Norpoth: Das ist ein mehrdimensionales Problem: Ein Punkt ist sicherlich, dass innerhalb des ZdK und vor allem auch im Präsidium lange, auch 2018 noch, die Meinung vertreten wurde, dass die Aufarbeitung sexualisierter Gewalt in der Kirche eine Sache der Bischöfe sei. Da wurde gar keine Verantwortung gesehen.
Es ist natürlich auch keine angenehme Situation, sich damit auseinanderzusetzen, dass eigene Strukturen in der Kirche diese Gewalt ermöglicht oder begünstigt haben, wie es die jüngsten Studien in Münster oder Essen gezeigt haben.

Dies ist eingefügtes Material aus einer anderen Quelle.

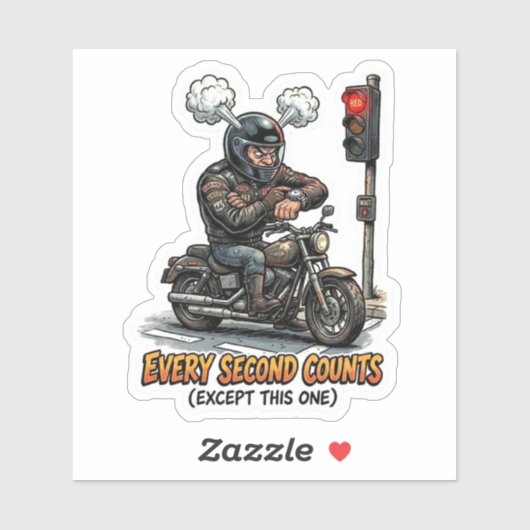面白いバイクステッカー - 赤信号では毎秒が大切 シール (シート)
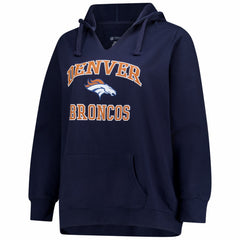 NFL Denver Broncos Women's Plus Size Heart & Soul Notch Neck Hoodie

DOMRADIO.DE: Die ZdK-Vorsitzende Irme Stetter-Karp hat bei der aktuellen Vollversammlung an diesem Freitag ihr Vorgehen verteidigt, die Ergebnisse der jüngsten Missbrauchsstudie in Freiburg nicht kommentiert zu haben: "Wir äußern uns in der Regel nicht zu den Vorgängen in einzelnen Bistümern", sagte sie. Ist das richtig?
Norpoth: Bei 27 Einzelstudien mit 27 unterschiedlichen methodischen Ansätzen kann ich das nachvollziehen. Die Erkenntnisse ähneln sich ja auch im Kern. Ihre Aussage stand im Kontext der Freiburger Studie. In diesem speziellen Fall hätte ich mir schon eine deutlichere Positionierung im Hinblick auf den ehemaligen Vorsitzenden der Deutschen Bischofskonferenz Robert Zollitsch gewünscht, der zwar auf DBK-Ebene Maßnahmen zur Bekämpfung von sexualisierter Gewalt mitbeschlossen hat, aber das in seinem eigenen Bistum alles konterkariert hat. Angesichts der bundesweiten Bedeutung dieser Studie und dieser Persönlichkeit hätte ich mir schon eine deutlichere Haltung gewünscht.
DOMRADIO.DE: Sie hat ihn dann später in einem Interview einen "Heuchler" genannt. Aber offensichtlich tun sich beim Thema Aufarbeitung sowohl die Bischöfe als auch die Laien schwer. Gibt es da substantiell Unterschiede?
Norpoth: Ja, natürlich gibt es einen Unterschied, denn die Straftaten sind überwiegend von Klerikern begangen worden. Hier müssen die Bischöfe endlich zur Aufarbeitung eines jeden bekannten Missbrauchsfalles beitragen und zu einer Anerkennungsleistung kommen, die ihren Namen auch verdient und Ausdruck einer inneren Haltung ist. Das, was wir im Moment in diesem intransparenten UKA-Verfahren erleben, kann nur der erste Schritt auf einem langen Weg sein.
Die Verantwortung der Laien haben vor allem die Studien aus Münster und Essen aufgezeigt, indem Pfarrgemeinden ein tätersicheres Umfeld geschaffen haben. Es galt der alte Satz: "Es kann nicht sein, was nicht sein darf", "Er ist doch so ein netter Priester…" oder "Der Kaplan kann so etwas nicht getan haben!": Den Opfern ist vor Ort nicht geglaubt worden. Und wenn Sie ein Klima schaffen, in dem sich der Täter sicher sein kann, dass sein Dienstgeber keine Maßnahmen ergreift und er vom Sozialsystem seiner Pfarrgemeinde geschützt wird, dann tragen auch Laien in den Gemeinden Verantwortung für dieses täterfreundliche Klima, für eine Situation, in der Opfern nicht geglaubt wurde.
DOMRADIO.DE: Welche Beteiligung der Betroffenen ist den beim Synodalen Ausschuss geplant?
Norpoth: Ich bin als Einzelpersönlichkeit des ZdK in diesen Ausschuss gewählt worden, aber ich betrachte mich explizit nicht als Vertreter der Betroffenen, weil ZdK und DBK es nicht geschafft haben, die Stimme der Betroffenen - also der Grund, warum sich die Kirche in Deutschland auf diesen Reformweg begeben hat - strukturell zu verankern. Das hat natürlich auch etwas damit zu tun, dass in dem alt eingeübten Prozedere des Verbändekatholizismus die gewünschte Homogenität das Thema in seiner Schärfe und in der direkten Konfrontation lieber ausgeblendet würde. Aber an dieser Diskussion kommen wir nicht vorbei und ich gehe davon aus, dass in dem darauffolgenden Synodalen Rat eine solche Verankerung zwingend vorhanden sein muss, weil es sonst dazu keine Zustimmung geben wird.
Das Interview führte Ina Rottscheidt.